Metadata Filtering in Haystack

How to make use of metadata filtering to boost the quality of answers in Haystack.

This article is the fourth in our series on optimizing Haystack question answering systems. We’ll link to the other articles here as they go online:

Language data is tricky. It’s full of redundancies and omissions, which often render it ambiguous. But thanks to Transformer-based language models, computers can now process natural language pretty well. However, these models are rather slow and computationally costly. That’s why it’s crucial to pre-filter large text collections in order to avoid unnecessary computations.

Metadata can greatly assist our deep language models by quickly providing them with a preselected section of the data pool. In this article, we’ll look at how to make use of metadata filtering to boost the quality of your answers in Haystack.

What Is Metadata?

Metadata is literally “data about data.” It has great value in machine learning applications: it helps us structure, filter and make sense of our data. Some metadata is simply a by-product of the data creation process. For instance, when a news article is published online, it invariably comes attached with a timestamp value.

Other types of metadata require more elaborate processes to create. For example, news articles can be manually annotated for topics. But whenever human labor is involved in the metadata creation process, it becomes expensive. That’s one reason why high-quality labeled data is so precious.

Metadata can take on many forms. It can be represented by the Booleans “True” and “False,” continuous values like integers and floating point numbers, or categorical data like the topic that an article belongs to. All of these formats have something in common: they’re all instances of “structured data,” meaning that they present data in a way that’s predefined and easily searchable.

Why Is Metadata Useful in Question Answering?

Language, on the other hand, is a prime example of “unstructured data.” The same idea can be expressed in infinitely many ways, and it’s clearly impossible to predict every single one of them. Transformers do a pretty good job of capturing statistical correlations in language data and estimating meaning. Combine that with the additional signal provided by structured metadata — and you’ve got yourself a powerful QA system.

If our text data comes with metadata, we can easily exploit that fact in a question answering task — by passing a filter to our retriever-reader pipeline. The retriever then only preselects those documents that match our filter. As a result, we greatly reduce the search space for the rest of the pipeline.

A Metadata Filtering Use Case

Metadata filtering is particularly rewarding in a scenario in which we have a large collection of texts and/or know exactly which slice of the data contains our answers. Imagine that your company wants to implement a question answering system that allows it to do competitor analysis. So your team starts collecting reports on your competitors, which are then saved with names and dates attached.

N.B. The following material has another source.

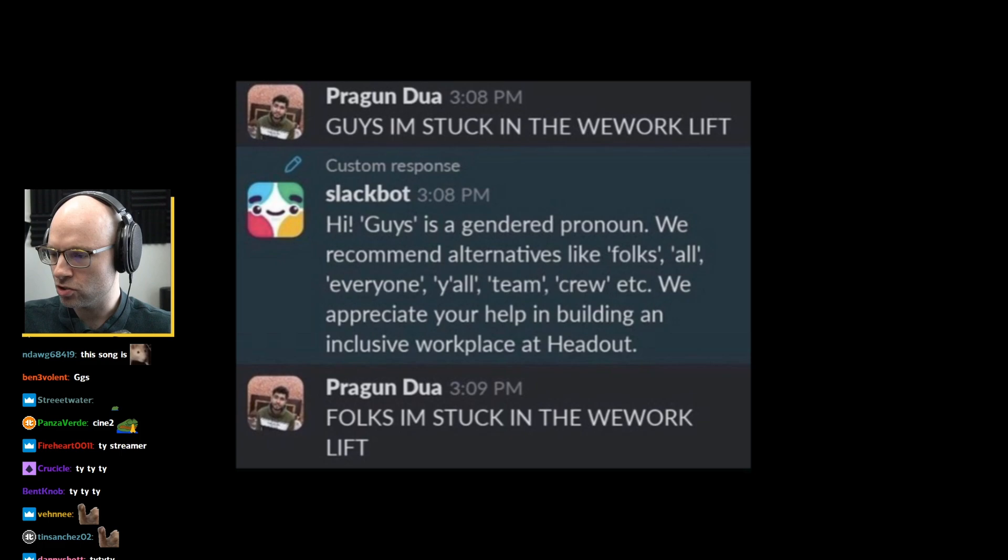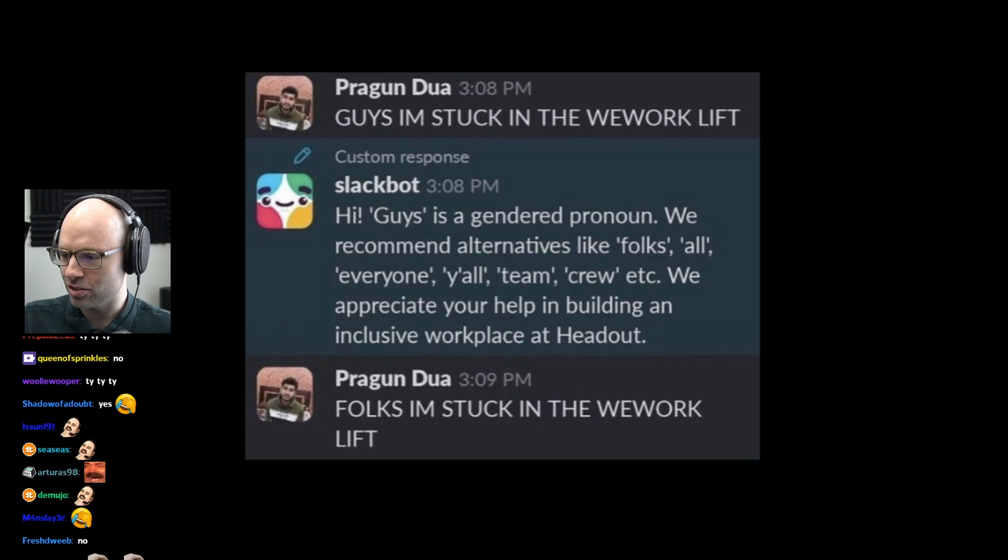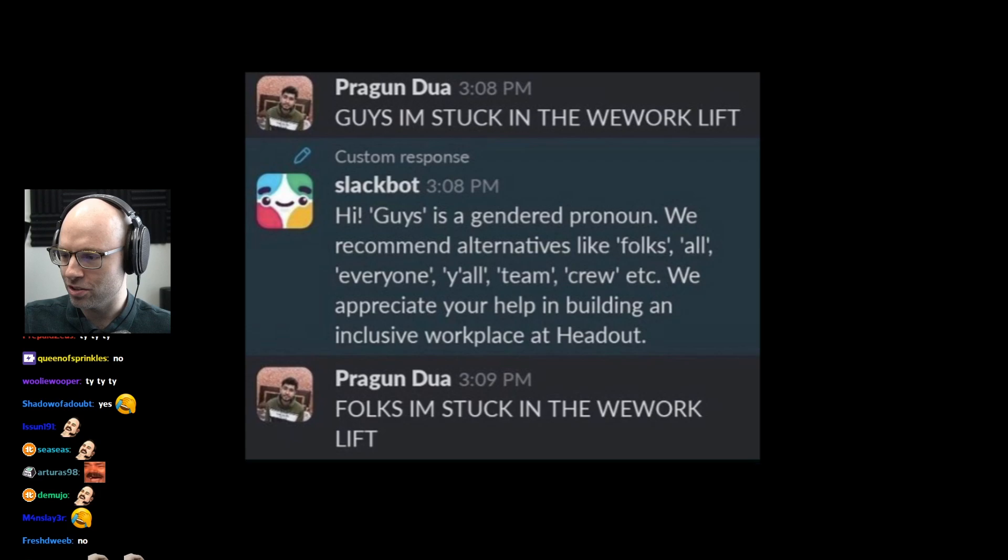You ever see that tweet that is a screenshot of the person on Slack that says 'guys I'm stuck in the WeWork lift,' and then the Slack bot replies 'guys is a gendered term, please consider using non-gendered terms like folks,' and then they type a second later 'folks I'm trapped in the WeWork lift'?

In your analysis, you want to look at one competitor at a time. To that end, you pass a filter to the retriever with a company’s name, and the financial years you’d like to investigate. You can then freely word your questions to the system, without explicitly stating the year and competitor you’re interested in. Not only does this improve your search speed, but it also increases the likelihood of high-quality answers, since we’ve taken the documents that are irrelevant to our search out of the equation.

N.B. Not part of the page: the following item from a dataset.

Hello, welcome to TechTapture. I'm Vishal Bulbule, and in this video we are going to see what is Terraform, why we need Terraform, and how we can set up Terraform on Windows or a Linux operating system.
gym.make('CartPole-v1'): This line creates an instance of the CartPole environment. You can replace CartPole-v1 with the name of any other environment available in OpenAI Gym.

Metadata Filtering in Haystack: A Practical Example

For our example, we’ll be working with a subset of the Amazon Review Dataset that consists of around 50,000 reviews of items from Amazon’s office supplies category. Each review comes with some metadata, such as the reviewer’s name and ID, the time of publication, and a short review summary.

We’ll be working with the product ID that goes by the name “asin.” To see an example product from the dataset, follow this link. If you want to look at a different product, simply change the ID at the end of the URL.

Each product has multiple reviews, which can be bundled by filtering for a product ID. Thus, even though this is quite a big dataset, filters allow us to really only look at a tiny subset of the data. Let’s read our dataset into an Elasticsearch database (check out this blog post to learn how to set up Haystack with Elasticsearch).

Note: Metadata filtering is only possible in combination with Elasticsearch and Weaviate document stores.

import pandas as pd
reviews = pd.read_json(‘Office_Products_5.json’, lines=True)
texts = reviews.reviewText.values
ids = reviews.asin.values

We’ve extracted both the review texts and their ID metadata from the json file using the pandas library. We now have to convert this data into the format that our document store expects. All the data points are turned into dictionaries with a ‘text’ key and a ‘meta’ key. The latter is for our metadata: here, we specify a dictionary which so far contains only the item’s ID.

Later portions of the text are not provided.